Using our previous toy DAG as an example, we could conceivably split our project into two smaller projects -- one for go-to-market analytics and one for product. This separation adds operational complexity -- you will have different projects to orchestrate and depending on your setup there may be separate repos or other separate parts of the workflow. But, there are three main benefits. 1. Teams have more flexibility and self-determination 2. Clear lines of ownership and responsibility for all models. - Each project can be treated like a black-box. If we can trust the interfaces between our projects, then we can reduce the amount of organizational overhead 3. By enforcing the use of public interfaces, we will necessarily promote more robust and less messy architectural practices. We've made undesirable states for our project unrepresentable! Now, let's get into the prickles. Multi-project deployments are on the bleeding edge of dbt practice. Official support of multi-project deployments is very new, with the underlying capability within dbt Core having only been introduced in dbt 1.6.0 with the introduction of their plugin system.

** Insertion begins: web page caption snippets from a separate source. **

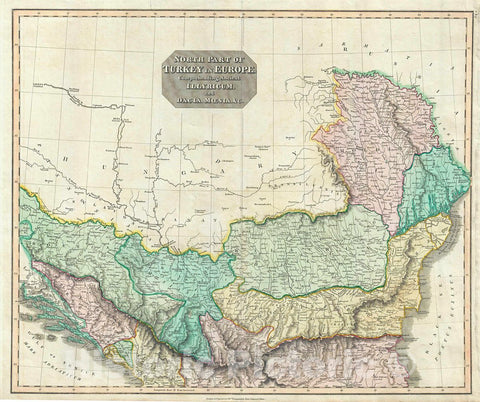 Historic Map : Thomson Map of The Balkans (Moldova, Romania, Serbia, Croatia, Bosnia, Bulgaria), 1817, Vintage Wall Art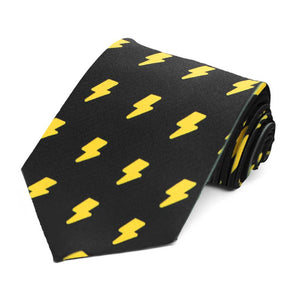 The black tie with yellow lightning bolts, rolled to show off the design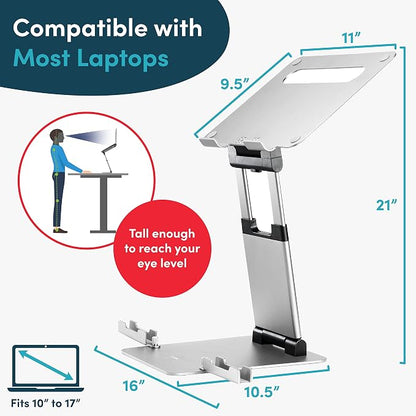 Lifelong Adjustable Laptop Stand for Desk, Ergonomic Aluminum Laptop Riser, Portable Foldable Computer Stand, Height up to 20”, Fits 10-17” Laptops for Desk-Mounted with Phone & Tablet Holder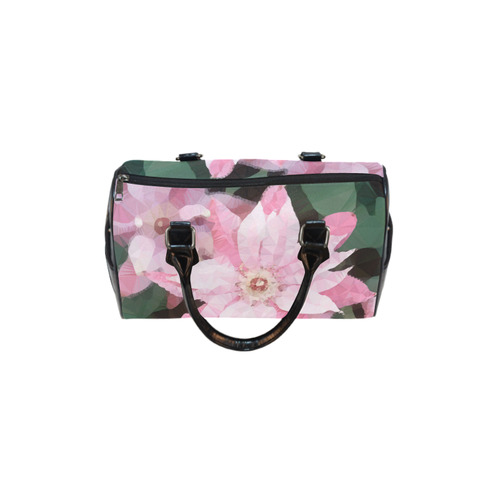 Floral Pink Poinsettia Low Polygon Art Boston Handbag (Model 1621)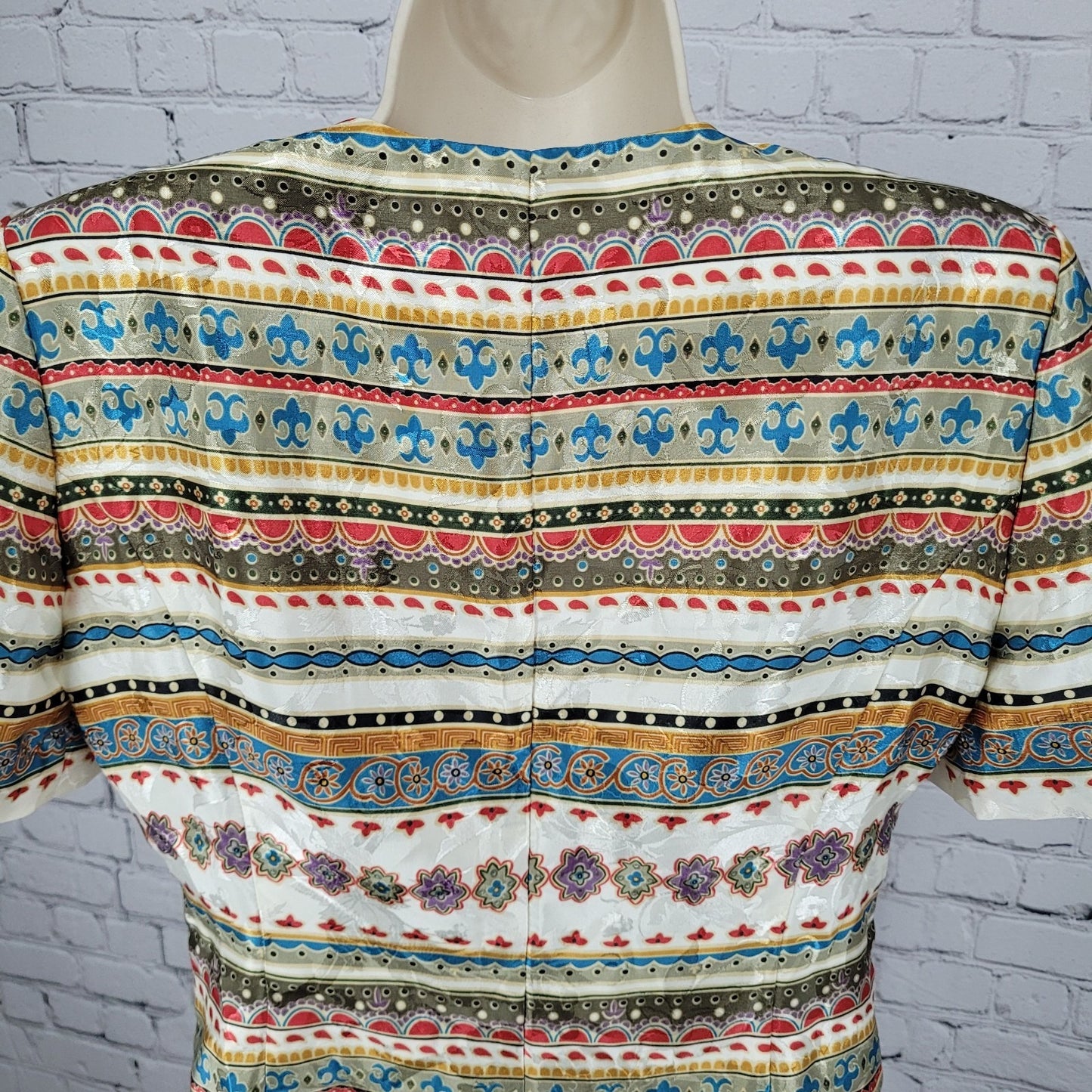 VTG Lady Carol Satin Multicolor Ornate Gold Button Top Blouse USA Made Size 8P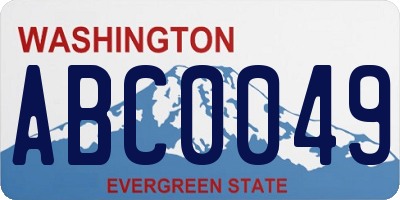 WA license plate ABC0049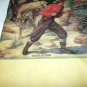 Nice Vintage Cabin Artwork-Quick Action-Startled Man with Horses,Rifle,Mother Bear Protecting Cubs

ADditionally, dbt Labs has decided to restrict this functionality to dbt Cloud enterprise users using either the cloud IDE or the in-beta cloud CLI. And on top of that use of multi-project deployments is being limited to a closed beta program of customers. But ... the beauty of open source code is that we can look at the code, see the outline of what's missing, and infer how it works!

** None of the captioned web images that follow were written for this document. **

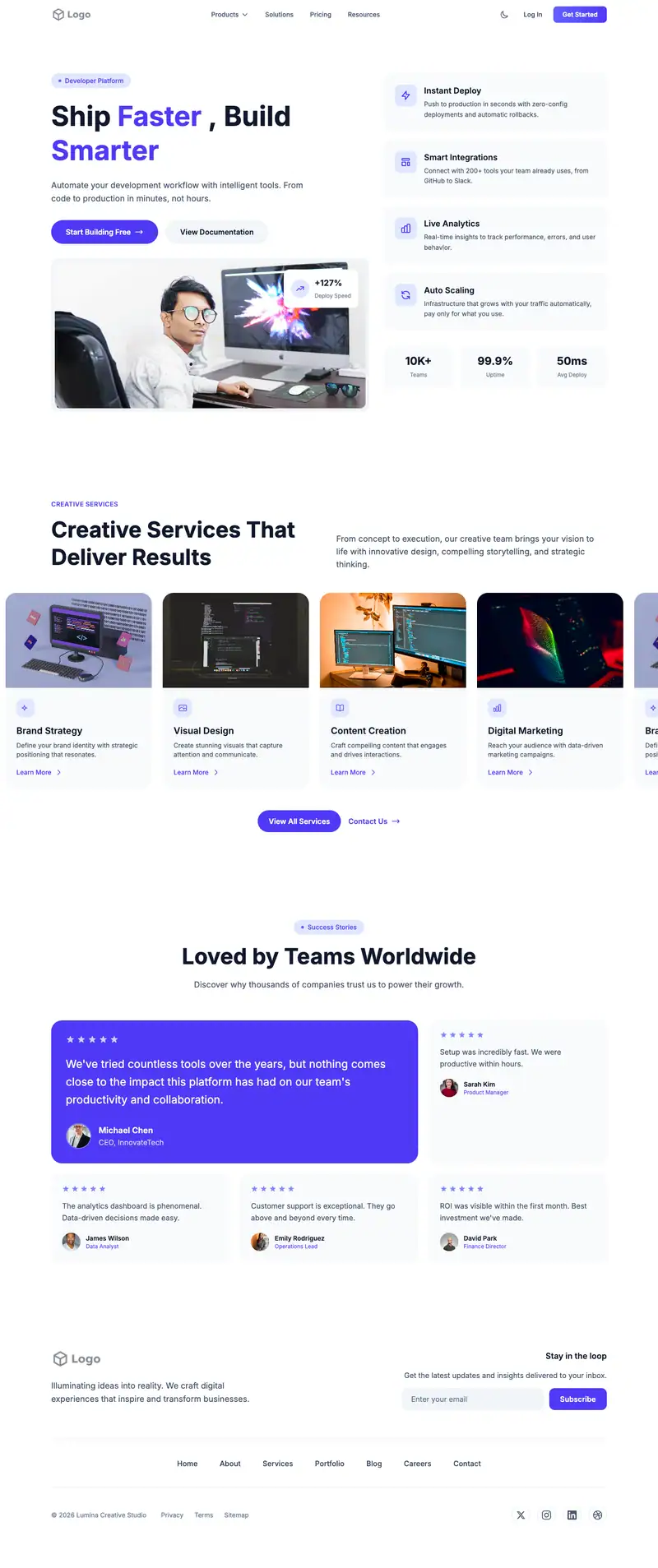 AI Image Generator website template preview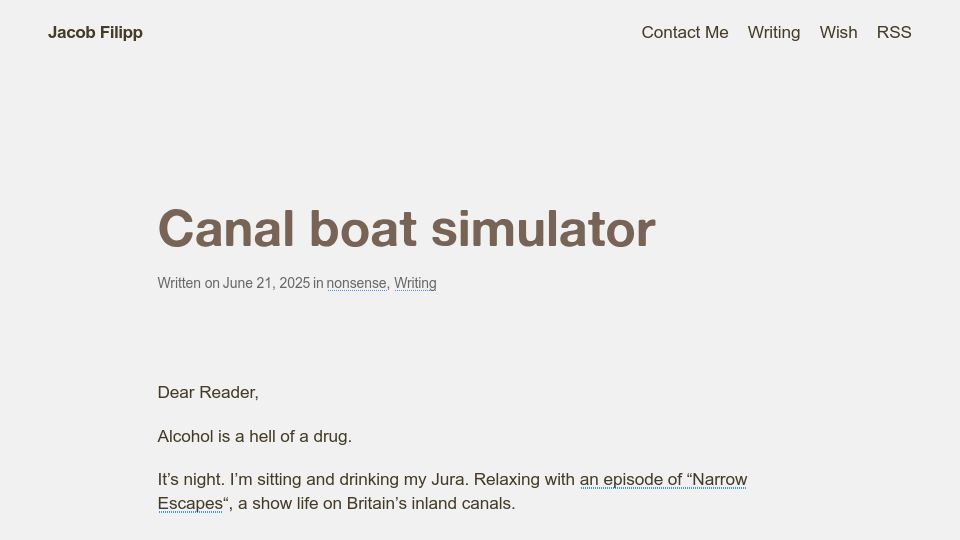 Screenshot of jacobfilipp.com: Canal Boat Simulator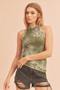 Aemi + Co Ribbed Tie-Dye Round Neck Tank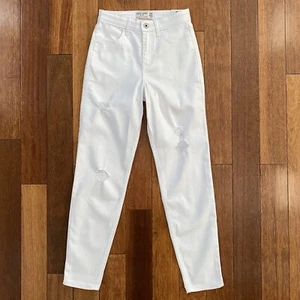 Abercrombie Kids High Rise Ripped White Mini Mom Jeans Girl's Size 15/16 Slim - Picture 1 of 19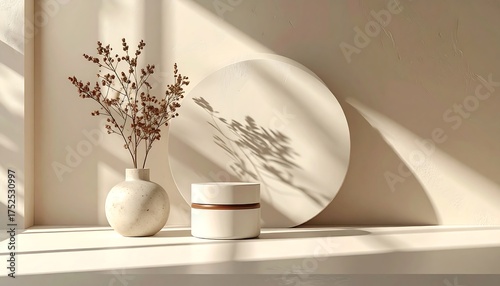 Natural cosmetic cream jar mockup on a sunlit shelf with a rustic vase of dried flowers, creating a warm, cozy, and minimalist aesthetic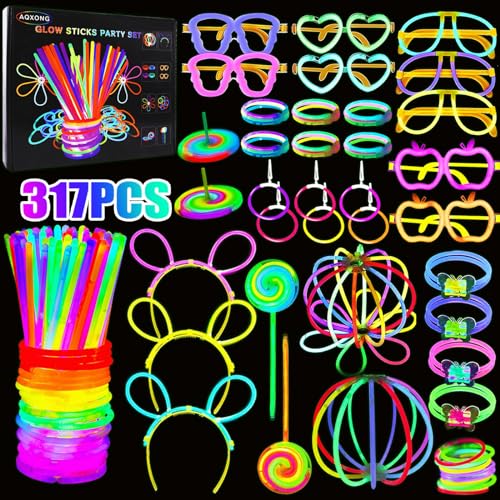 AQXONG 317 PCS Knicklichter Party Set, Fluoreszenz Leuchtendes Armband, Glow Sticks mit Verbinder, Neon Armband Leuchtstab für Party Deko, Festival Schwarzlicht Deko, Laterne, Lutscher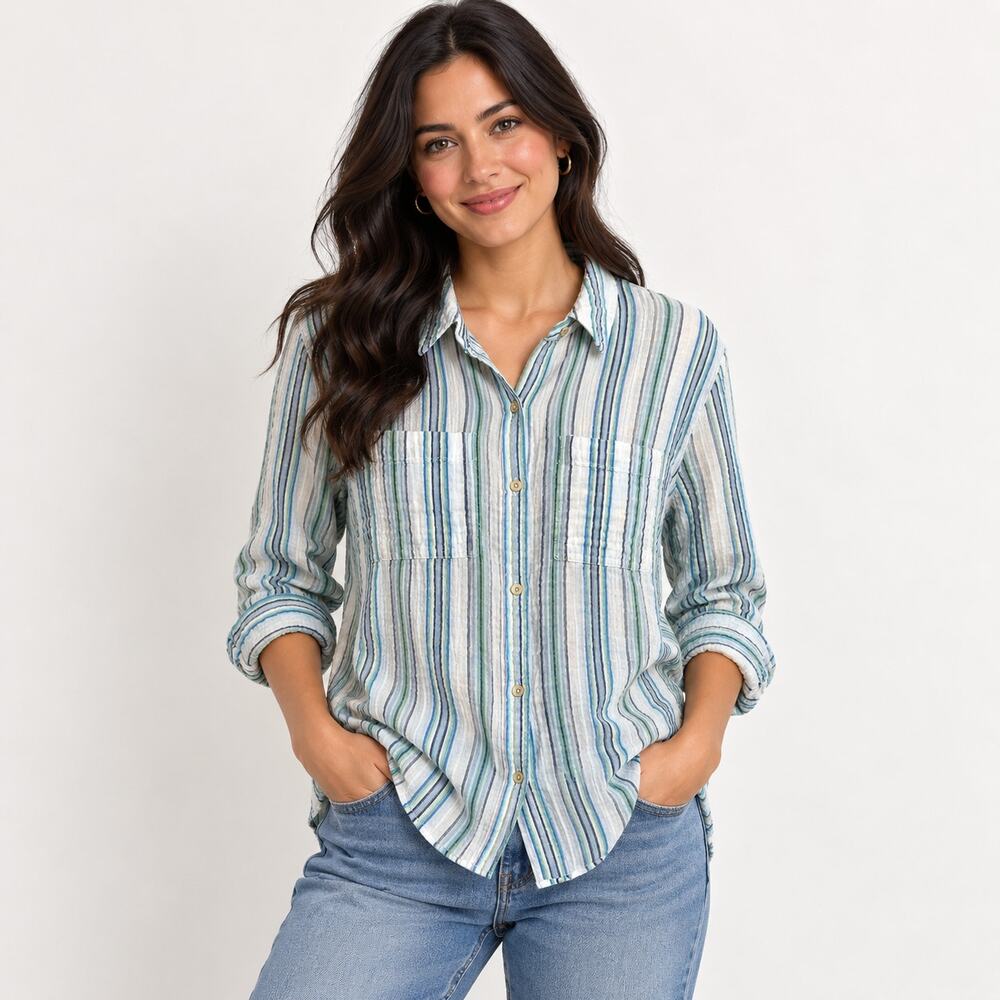 L.L Bean blue white striped cotton gauze button up shirt Large Beachy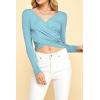 imageLock and Love Womens Premium ShortLong Sleeve Deep V Neck Slim fit Cross Wrap Crop top ShirtMade in USAWt1482aqua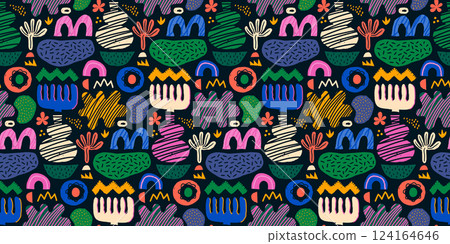 Abstract organic shape seamless pattern with naive geometric doodles in green and violet shades Abstract organic shape seamless pattern with naive geometric doodles in green and violet shades 124164646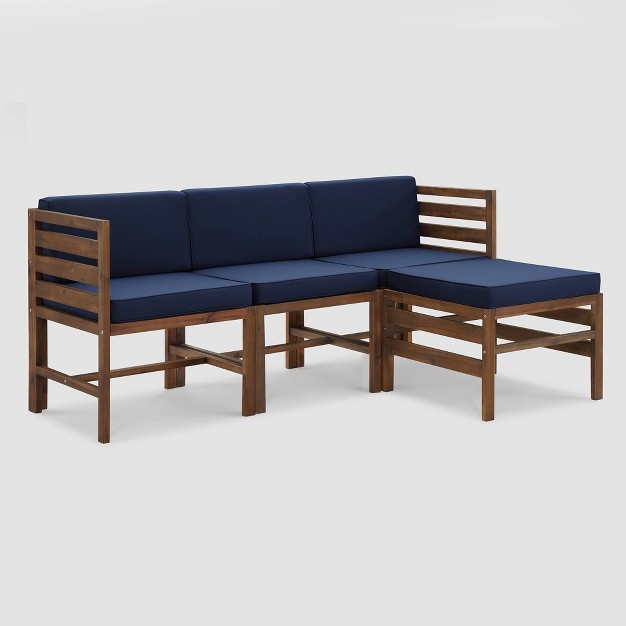 4pc Modular Acacia Wood Patio Sectional With Ottoman Dark Brown navy Saracina Home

To that end, I've created the dbt-loom python package, an open source and open-licensed dbt plugin that enables native multi-project deployments. After adding this package as python dependency along side dbt core and creating a config file, this package identifies public models from upstream projects and injects them into your downstream project to enable cross-project references. Once again, mutli-project deployments are in their early days, but I suspect that this technique will become much more common as the dbt community starts embracing smaller, more manageable projects with clean interfaces as a way to escape maintaining massive monolith projects.

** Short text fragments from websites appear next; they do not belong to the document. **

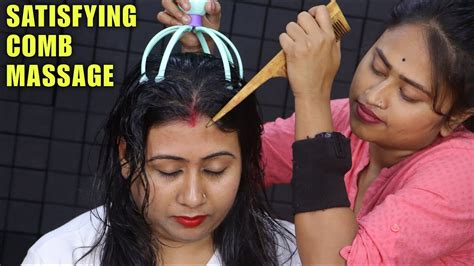 Satisfying Comb Scratching And Head Massage By Barber Girl Pakhi Neck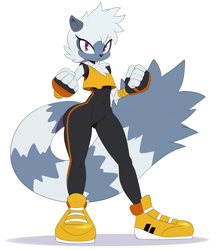 Size: 2216x2559 | Tagged: safe, artist:ss2sonic, tangle the lemur, 2018, belly button, chest fluff, clenched fists, female, flat colors, looking at viewer, shadow (lighting), smile, solo, standing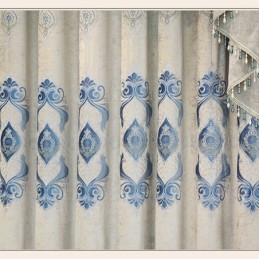 Chenille-Verho Mittatilaustyönä Tehty Verho Eurooppalainen Kukkakirjonta Puolipimennys Olohuoneeseen Makuuhuoneeseen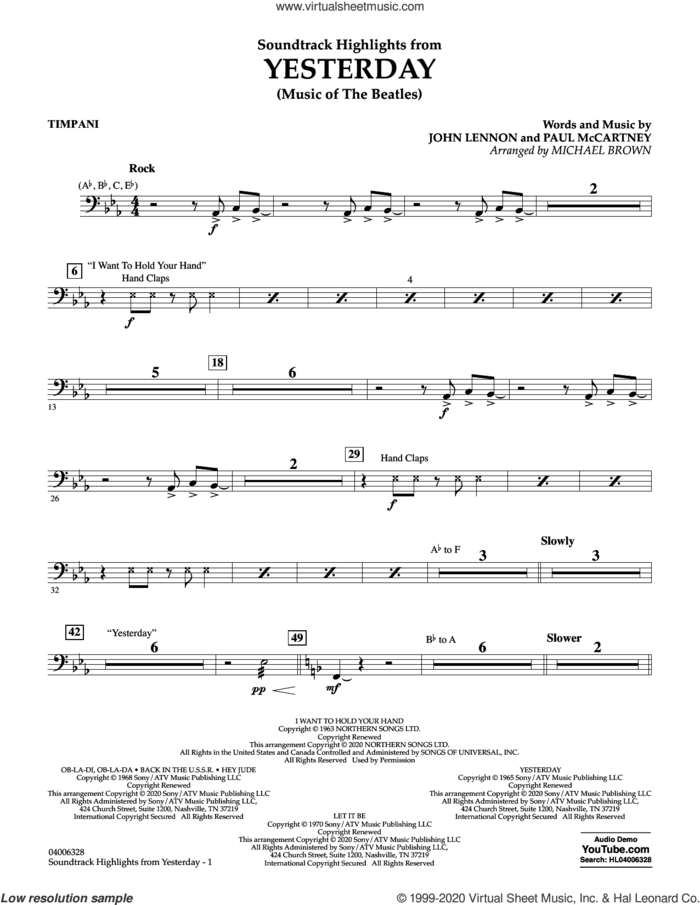 Highlights from Yesterday (Music Of The Beatles) (arr. Michael Brown) sheet music for concert band (timpani) by The Beatles, Michael Brown, John Lennon and Paul McCartney, intermediate skill level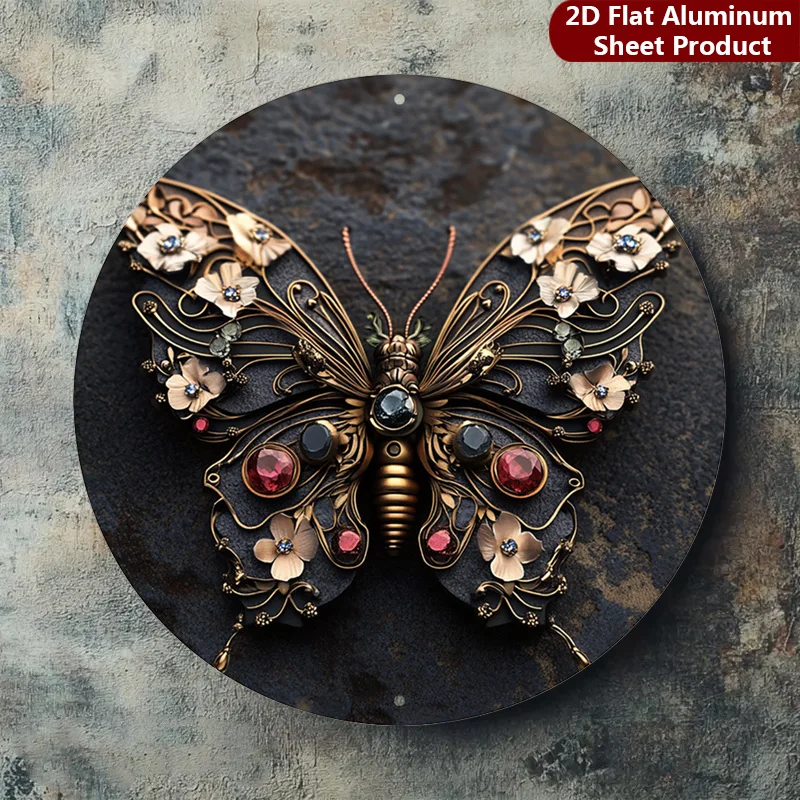 2D Flat, 1pc,Steampunk Insect Sign - 8X8 Inches,Vintage Butterfly Metal Wall Decor,Handcrafted Jewelry Decorative Sign Suitable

Now that we've gotten our garden into a more maintainable state state, it's vital that we prevent weeds and other unwanted plants from taking root. In a garden there are myriad tools and techniques for weeding your garden, but the most important factor has nothing to do with your tools.
When it comes to ongoing maintained, I am of the opinion that your _process_ is more important than your tools. It's a matter of deliberate practice. A matter of interspersing small amounts of maintenance work into your everyday tasks. With this in mind, I have three main recommendations:
Showing DAG changes makes it easy to contextualize what changes are being made. The human brain is an amazingly powerful prediction machine that takes visual input and simulates a universe. We can leverage this ability to pattern match and predict by looking at how your DAG changes structurally. Similarly, stick to a consistent SQL formatting convention. When your project is standardized in its format, it becomes very easy to instinctively recognize non-performant code -- it will literally look a little funny once your team has become accustomed to what good looks like. Lastly, use TESTS! Mistakes happen, and enforcing even minimal testing can go a long way.
We've come a long way! Our project now has fewer unused models, a more efficient structure, clearly-delineated responsibilities, and automated guardrails to keep new growth in check. We have taken an overgrown project, and turned it into a robust, maintainable platform for future development.
So, we can now take a small break. Take a breath. Enjoy our handy work. and when we're ready, we can grow an even better future.